Die Voraussetzung aller Aktivitäten ist jedoch die finanzielle Ausstattung in der Stadt. Nur mit Zuweisungen des Landes kann unsere Stadt nicht existieren. Wir brauchen starke Betriebe und eine florierende Wirtschaft. Wir unterstützen daher die Bemühungen des Kleeblattes bei der Wirtschaftsförderung und Regionalentwicklung. In enger Zusammenarbeit mit der Stiftung Brandenburgisches Haupt- und Landgestüt wollen wir die Entwicklung des Tourismus in unserer Region stärken. Wir setzen dabei insbesondere auf die intakte Natur und die Weitläufigkeit unserer Landschaft.

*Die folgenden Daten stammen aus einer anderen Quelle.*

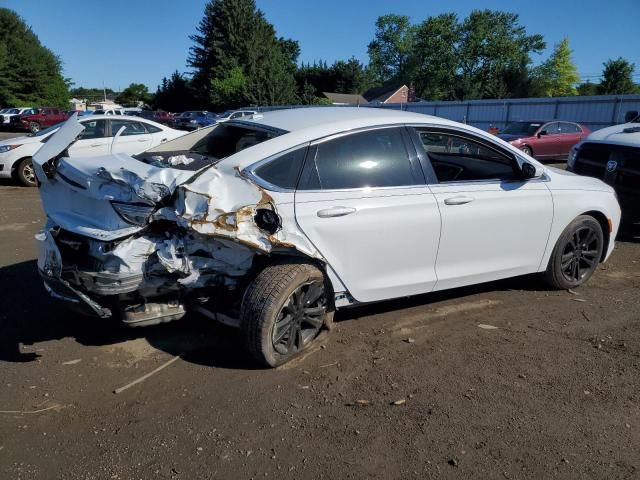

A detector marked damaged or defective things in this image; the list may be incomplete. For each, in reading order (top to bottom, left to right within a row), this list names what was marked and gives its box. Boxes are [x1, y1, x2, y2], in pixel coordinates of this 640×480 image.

broken headlight [110, 202, 155, 226]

Dazu gehört auch unser Einsatz für die friedliche Nutzung der Kyritz-Ruppiner Heide. Neben den Angeboten für Reiter und Radfahrer wollen wir auch für Wanderer und Wassersportler noch attraktiver werden.

Mit unseren erfahrenen Stadtverordneten Ute König und Karsten Langner kann sofort kontinuierlich und konstruktiv weitergearbeitet werden. Elise Ehrlich hat in den vergangenen fünf Jahren Erfahrungen in der Kommunalpolitik gesammelt und war als Fraktionsvorsitzende tätig. Mit Dr. Karin Forschner, Andrea Lüer, Julia Kittel, Linda Kittel und Norbert Großmann treten Kandidatinnen und Kandidaten mit neuen Ideen an.

Sabine Ehrlich möchte die Interessen der Stadt und der Ortsteile weiterhin als Bürgermeisterin vertreten und kandidiert gleichzeitig für den Kreistag Ostprignitz-Ruppin.

Wählen Sie am 28. September 2008 unsere Kandidatinnen und Kandidaten!